Les marches de l’escalier de pierre sont inégales, glissantes et fragiles. Certaines ont commencé à se fendre, l’humidité a favorisé la naissance de mousse aux coins des fenêtres, mais tous les murs sont complets, même s’ils doivent pour certains être soutenus d’échafaudages de bois et des brèches colmatées maladroitement, sans empêcher le vent du nord de s’y engouffrer. À un étage, mon guide me fait signe de faire attention. Une fenêtre brisée de l’extérieur a répandu son verre sur tout une portion des escaliers. J’aurais presque envie de me jeter sur ces marches, mais les sensations ont commencé à revenir, unes à unes, et je n’ai plus besoin de faire appel à la douleur pour m’arracher à mon obscurité. Je préfère jeter un regard sur le paysage qu’elle dissimulait. Une demi-obscurité flotte dans ces interminables escaliers tournoyants parce qu’à l’extérieur, le soir est sur le point de tomber.

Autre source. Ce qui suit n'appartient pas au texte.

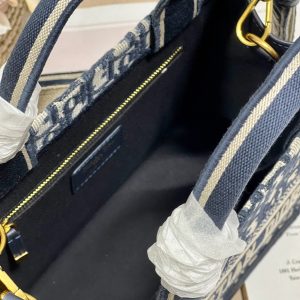 CD SMALL BOOK TOTE 26 BLUE OBLIQUE EMBROIDERY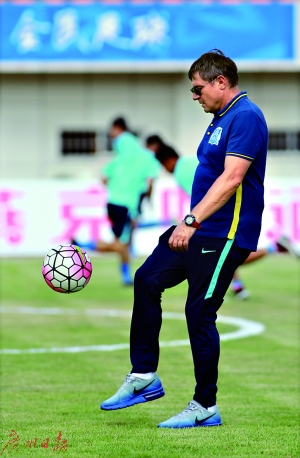 中乙队:富力没外援中甲水平_手机新浪网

Je n’ai pas le temps de m’attarder, l’homme s’est arrêté et me fait signe de me cacher. Je me plaque contre le mur, un peu plus haut, mais en tendant l’oreille Et je manque d’éclater de rire. Oui, quelqu’un arrive. Ce quelqu’un doit probablement être armé. Mais ça ne doit pas être quelqu’un de bien dangereux. Oh, non, ce ne sont pas les pas de quelqu’un de redoutable.

Il ne doit même pas avoir vécu la guerre, ni aucune guerre d’ailleurs. Il ne doit pas avoir vingt ans. Il ne doit pas avoir vingt ans... À nouveau, je sens mes lèvres s’étirer. Une forme de haine, ancienne, archaïque m’enveloppe et j’en aurais presque oublié le verre répandu sur les marches en dépassant mon guide. Il me lance un regard mais ne fait pas un geste pour m’en empêcher. Sans doute s’y attendait-il. Non pas que mes faits d’armes soient particulièrement brillants, mais plutôt que des années d’enfermement n’aient pas adouci mon tempérament et que je n’aime ni l’incompétence, ni l’idiotie. Et ce sera à ce pauvre garde de payer l’imbécilité de ses supérieurs, je n’ai plus la patience nécessaire pour l’épargner.

J’ai vu son visage, je l’ai frappé, directement à la gorge. Il s’est écroulé. Il doit y en avoir d’autres. Je les entends, plus bas. Je jette un regard derrière mon épaule, fait un signe rapide et descend les marches à toute vitesse, semant sur mon chemin la surprise, la douleur et la destruction, cela, jusqu’au dernier, qui tente de s’enfuir par la porte grande ouverte. J’esquisse un mouvement qui l’aurait arrêté dans sa course, avant de m’immobiliser. Non, laissons-le. Laissons-le courir, laissons-le s’enfuir. Laissons-le vivre. Qu’il raconte comment la Grise, comment Helen Mithra, la plus grande criminelle de tous les temps, s’est éveillée et vient révolutionner leur quotidien.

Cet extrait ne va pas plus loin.